H.R. 1526: Limiting Judicial Review of Forest Management
Logging truck in the middle of Rogue River National Forest. Diamond Lake Highway, near Crater Lake, Ore. Credit: Terry MacVey
These days, much of the oxygen in Washington is being consumed by speculation about whether Congress will be able to pass a continuing resolution in time to avoid a federal government shut down on October 1. But contrary to what you may hear, read or see on the news, Congress is still working and passing other bills; last Friday, the House passed an important bill that addresses logging and wildfire management in national forests.
H.R. 1526, the Restoring Healthy Forests for Healthy Communities Act, passed 244-173 with 17 Democrats voting to support the measure and only one Republican voting in opposition. Proponents of the bill argue that over the next decade, it will create more than 200,000 jobs and save nearly $400 million. Opponents, which include both the White House and environmental groups, criticize the bill’s limited environmental reviews and its delegation of federal forest management to states.
Even though only small pieces of the H.R. 1526 pie will likely see the light of the Senate floor, one of the most attention-grabbing provisions concerns the current amount of timber sales. The bill places statutory requirements on the board feet of timber to be harvested annually, doubling the current amount. And although increased logging in national forests can create headlines, one concerning aspect of the bill, especially in terms of environmental policy, is the manner in which this increase is accomplished.

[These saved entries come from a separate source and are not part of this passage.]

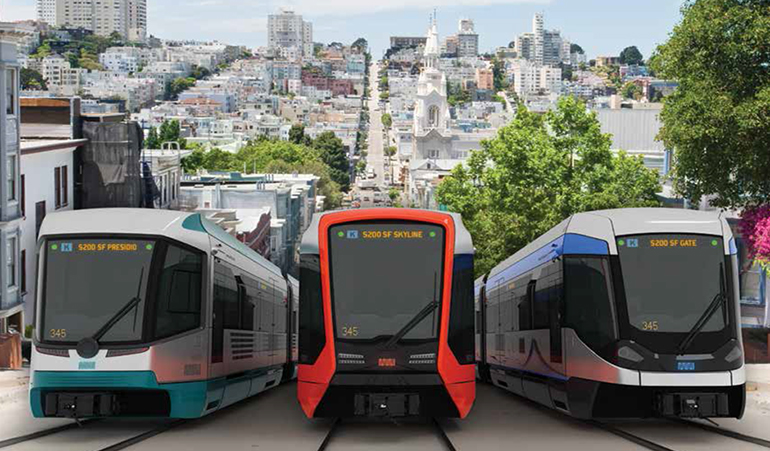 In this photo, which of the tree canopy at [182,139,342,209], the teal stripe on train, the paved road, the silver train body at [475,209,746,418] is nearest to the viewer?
the paved road

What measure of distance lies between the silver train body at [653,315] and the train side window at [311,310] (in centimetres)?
332

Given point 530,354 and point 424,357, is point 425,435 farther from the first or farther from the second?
point 530,354

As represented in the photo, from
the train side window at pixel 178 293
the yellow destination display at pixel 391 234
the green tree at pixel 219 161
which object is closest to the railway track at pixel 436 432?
the train side window at pixel 178 293

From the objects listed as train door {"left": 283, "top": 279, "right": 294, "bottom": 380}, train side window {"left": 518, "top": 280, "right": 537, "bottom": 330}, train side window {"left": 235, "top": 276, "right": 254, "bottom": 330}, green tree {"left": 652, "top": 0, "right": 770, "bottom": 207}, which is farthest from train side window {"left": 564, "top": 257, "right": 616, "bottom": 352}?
green tree {"left": 652, "top": 0, "right": 770, "bottom": 207}

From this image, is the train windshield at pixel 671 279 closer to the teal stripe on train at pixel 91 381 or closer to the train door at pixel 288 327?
the teal stripe on train at pixel 91 381

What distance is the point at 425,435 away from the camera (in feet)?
53.8

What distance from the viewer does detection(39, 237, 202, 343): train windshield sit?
15820 millimetres

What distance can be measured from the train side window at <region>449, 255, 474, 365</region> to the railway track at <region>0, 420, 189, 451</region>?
4.03 m

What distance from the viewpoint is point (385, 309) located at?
15.9 meters

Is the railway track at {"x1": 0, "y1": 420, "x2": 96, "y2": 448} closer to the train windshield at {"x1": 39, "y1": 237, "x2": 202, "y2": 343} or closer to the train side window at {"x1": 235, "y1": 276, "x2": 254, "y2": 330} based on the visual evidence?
the train windshield at {"x1": 39, "y1": 237, "x2": 202, "y2": 343}

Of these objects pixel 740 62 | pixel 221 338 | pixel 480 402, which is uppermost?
pixel 740 62

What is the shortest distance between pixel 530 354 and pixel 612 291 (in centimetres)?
377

The bill explicitly designates sections of national forests as “forest reserve revenue areas,” designed for the purpose of logging and revenue generation for specific, mainly western, counties. Timber harvesting projects within these forest reserve revenue areas, however, are exempt from judicial review that is otherwise required under several key environmental statutes, including:
- Timber salvage projects within these revenue areas are exempt from judicial review.
- Decisions on logging and other projects by the secretary of agriculture are not subject to injunctions or restraining orders based on any procedural requirement violation.
- Project review otherwise required under the Endangered Species Act is limited.
- And, because it all really does come back to the National Environmental Policy Act, H.R. 1526 drastically curtails environmental review of a proposed project within these revenue areas.
In a recent statement, the White House expressed its opposition to H.R. 1526 as legislation that not only would harm the long-term management strategy of national forest lands, but also directly conflicts with existing statutory requirements. That said, many members of Congress, on both sides of the aisle and in both the Senate and the House, support the idea of increasing timber harvests on national forest land. As the recent wildfire in Yosemite tragically demonstrated, years of fire suppression policies have left forests too vulnerable to large and uncontrollable fires. Senator Wyden (D-OR) has expressed his support for legislation that will increase logging on national forest lands and is expected to introduce his own proposal concerning national forest land use.
But while many have expressed support for increasing timber quotas, for both revenue generation and forest management, other observers say this should not be at the expense of environmental and judicial review and that limiting environmental and judicial review, while expedient in terms of approving projects, is short-sighted for the long-term care of our national forests. It’s a classic example of the difficult trade-offs that occur in formulating a national resources policy.